I recently represented an employee of the Internal Revenue Service (“IRS”) in a very interesting case involving this issue. Our client had been working with the IRS since 2005 and was considered an exemplary employee but had recently received notice from OPM that he was no longer eligible to continue his federal employment due to his failure to register with the Selective Service. Before retaining counsel, the client had already unsuccessfully appealed his case to OPM.
Our client’s circumstances were compelling, but very similar to the fact patterns of other cases where the OPM had found the failure to register “willful or knowing.” Very briefly, the client was born in the States but moved with his family to Africa when he was 3 years of age. When he was 22, our client returned to the United States, but did not register with the Selective Service because he was not aware there was any requirement to do so.

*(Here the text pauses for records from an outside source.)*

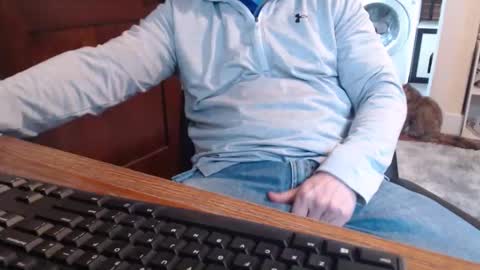 gethoggy online show from 31, 3, 2026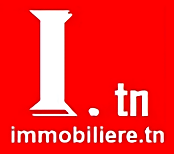 immobiliere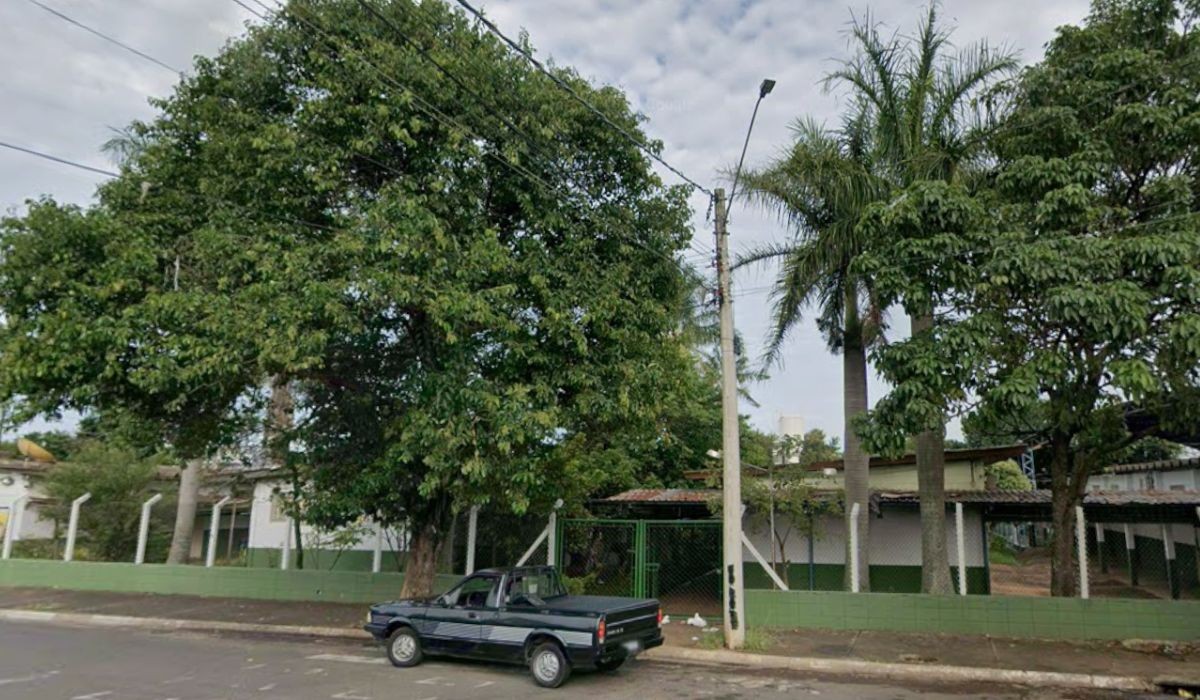Cachorro invade EMEF Profa. Flora Ferreira Gomes e fere duas crianças em Sumaré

In fact, our client did not learn of this requirement until he was 27 — by which time it was too late to register. It is not entirely clear how our client was able to obtain federal employment and retain his position for years before the government began taking official steps to terminate his federal employment.
I contacted OPM and advised them of our intent to appeal their decision. I was almost immediately contacted by an OPM attorney who was extremely professional and secured an agreement from her superiors at OPM to allow my client to retain his position with the IRS pending adjudication of our appeal. During the course of the appeal, we submitted detailed information to OPM, including affidavits, demonstrating that our client did not become aware of the requirement to register with the Selective Service until he was 27 years of age and too old to register.
Several days ago, I received a letter from the Director of OPM advising me that we had presented sufficient evidence to convince him that our client’s failure to register was not “willful or knowing” and that he was therefore entitled to keep his job with the IRS. Needless to say, everyone involved with this case was extremely pleased with the outcome.
Does this case signal a shift in OPM’s philosophy? Only time will tell.